Mario Polèseという都市経済学者*1が書いたCity Journal記事で解説されている表題の原則をMostly Economicsが紹介している。その五原則とは以下の通り。
- 都市の大きさと場所は繁栄の主要な決定要因である。
- それによって決定された都市の序列は時を経てもあまり変わらない。
- 都市の成長経路に大きな変動が生じる時、その原因は外部の出来事もしくは技術の変化であることがほとんどである。
- アクセスが便利で他地域との接続の良い都市は成長率が高い。
- あらゆる産業は都市にその影響を刻みつける。それは必ずしも良いものとは限らない。

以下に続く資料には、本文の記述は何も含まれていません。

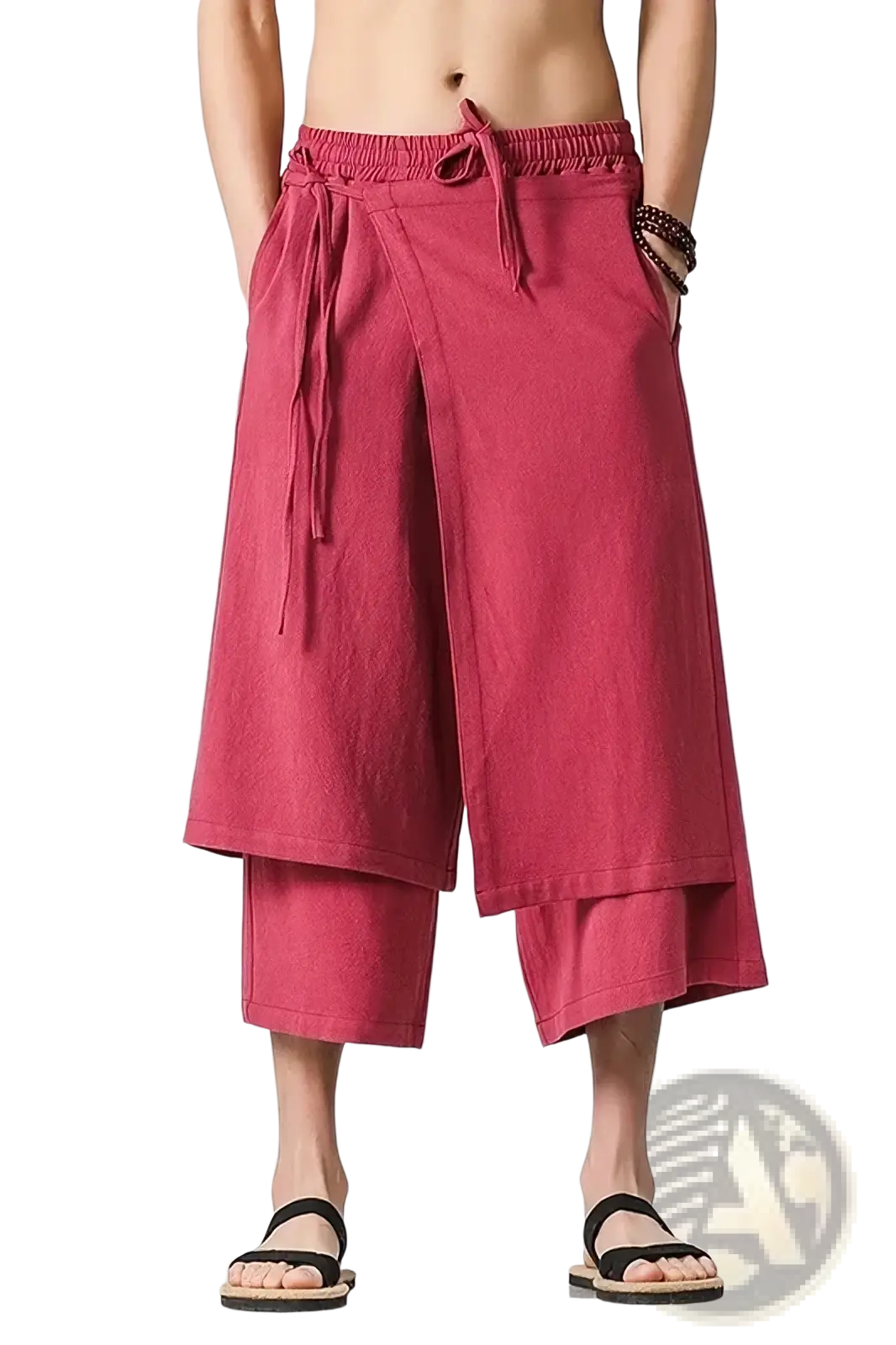 Men wide leg harem pants in vibrant red layered cotton fabric with elastic waistband and drawstring closure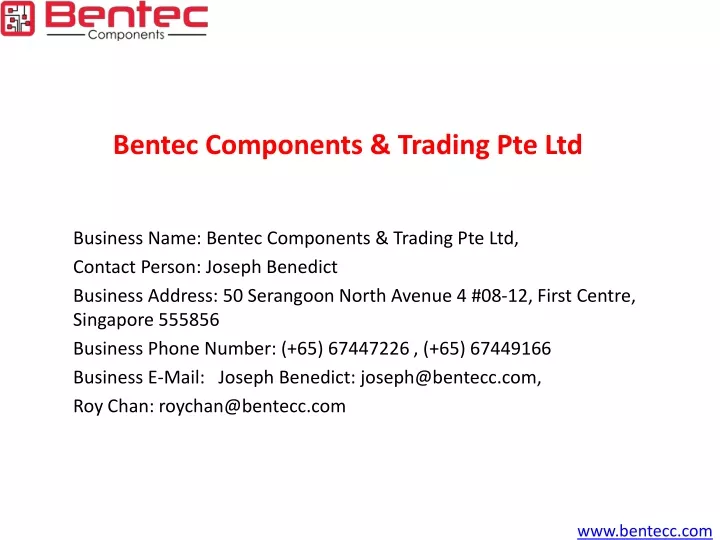 bentec components trading pte ltd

- 都市の盛衰のメカニズムについては未解明な部分が多いものの、良きにつけ悪しきにつけ政策は重要。
- ニューオリンズの凋落はハリケーン・カトリーナによってもたらされたわけではなく、腐敗や縁故主義や狭量な政策によってその遥か以前に始まっていた。教育への投資を怠ったルイジアナや、統治に問題を抱えたフランスのマルセイユも同様。逆に、ミネアポリスのセントポールは地理的に不利な環境を跳ね返して成功した。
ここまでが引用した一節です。